§ Required action
From the records below, set down exactly the lines starting with the line that contains "Pavilion Motel & Conference Centre" and going on through the line that contains "Baymont By Wyndham". Nothing else is wanted.

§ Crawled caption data
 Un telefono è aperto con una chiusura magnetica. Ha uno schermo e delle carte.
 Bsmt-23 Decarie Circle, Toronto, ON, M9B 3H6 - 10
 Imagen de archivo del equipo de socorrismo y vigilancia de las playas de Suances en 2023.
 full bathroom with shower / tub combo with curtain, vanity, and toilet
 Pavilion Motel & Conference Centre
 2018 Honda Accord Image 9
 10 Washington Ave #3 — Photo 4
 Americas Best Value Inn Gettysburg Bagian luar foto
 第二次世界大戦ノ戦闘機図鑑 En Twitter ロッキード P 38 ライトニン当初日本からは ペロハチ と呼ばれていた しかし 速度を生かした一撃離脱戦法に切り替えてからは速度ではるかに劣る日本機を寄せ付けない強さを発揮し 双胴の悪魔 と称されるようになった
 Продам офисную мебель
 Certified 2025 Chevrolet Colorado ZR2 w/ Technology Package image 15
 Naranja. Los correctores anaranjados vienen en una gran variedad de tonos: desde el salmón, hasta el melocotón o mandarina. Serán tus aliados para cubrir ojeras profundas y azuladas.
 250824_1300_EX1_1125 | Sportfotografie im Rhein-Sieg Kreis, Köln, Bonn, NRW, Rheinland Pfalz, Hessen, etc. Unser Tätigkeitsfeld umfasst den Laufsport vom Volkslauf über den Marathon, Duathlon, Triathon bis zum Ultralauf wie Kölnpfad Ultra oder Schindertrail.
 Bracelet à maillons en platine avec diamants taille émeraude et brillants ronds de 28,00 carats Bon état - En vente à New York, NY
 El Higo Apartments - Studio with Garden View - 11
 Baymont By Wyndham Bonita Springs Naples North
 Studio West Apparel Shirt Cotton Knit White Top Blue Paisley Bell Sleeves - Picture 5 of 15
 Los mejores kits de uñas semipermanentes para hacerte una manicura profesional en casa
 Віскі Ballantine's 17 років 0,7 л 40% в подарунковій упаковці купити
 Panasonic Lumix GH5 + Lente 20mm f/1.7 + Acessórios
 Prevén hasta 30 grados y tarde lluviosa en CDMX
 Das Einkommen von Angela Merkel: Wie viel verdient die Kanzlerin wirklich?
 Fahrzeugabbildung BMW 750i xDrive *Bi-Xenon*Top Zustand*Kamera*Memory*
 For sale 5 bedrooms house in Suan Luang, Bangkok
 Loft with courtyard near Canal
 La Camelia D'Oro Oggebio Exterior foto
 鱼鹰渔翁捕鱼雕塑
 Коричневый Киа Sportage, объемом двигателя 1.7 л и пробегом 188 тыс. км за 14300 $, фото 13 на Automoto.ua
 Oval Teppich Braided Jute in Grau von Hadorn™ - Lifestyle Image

§ Exercise output
 Pavilion Motel & Conference Centre
 2018 Honda Accord Image 9
 10 Washington Ave #3 — Photo 4
 Americas Best Value Inn Gettysburg Bagian luar foto
 第二次世界大戦ノ戦闘機図鑑 En Twitter ロッキード P 38 ライトニン当初日本からは ペロハチ と呼ばれていた しかし 速度を生かした一撃離脱戦法に切り替えてからは速度ではるかに劣る日本機を寄せ付けない強さを発揮し 双胴の悪魔 と称されるようになった
 Продам офисную мебель
 Certified 2025 Chevrolet Colorado ZR2 w/ Technology Package image 15
 Naranja. Los correctores anaranjados vienen en una gran variedad de tonos: desde el salmón, hasta el melocotón o mandarina. Serán tus aliados para cubrir ojeras profundas y azuladas.
 250824_1300_EX1_1125 | Sportfotografie im Rhein-Sieg Kreis, Köln, Bonn, NRW, Rheinland Pfalz, Hessen, etc. Unser Tätigkeitsfeld umfasst den Laufsport vom Volkslauf über den Marathon, Duathlon, Triathon bis zum Ultralauf wie Kölnpfad Ultra oder Schindertrail.
 Bracelet à maillons en platine avec diamants taille émeraude et brillants ronds de 28,00 carats Bon état - En vente à New York, NY
 El Higo Apartments - Studio with Garden View - 11
 Baymont By Wyndham Bonita Springs Naples North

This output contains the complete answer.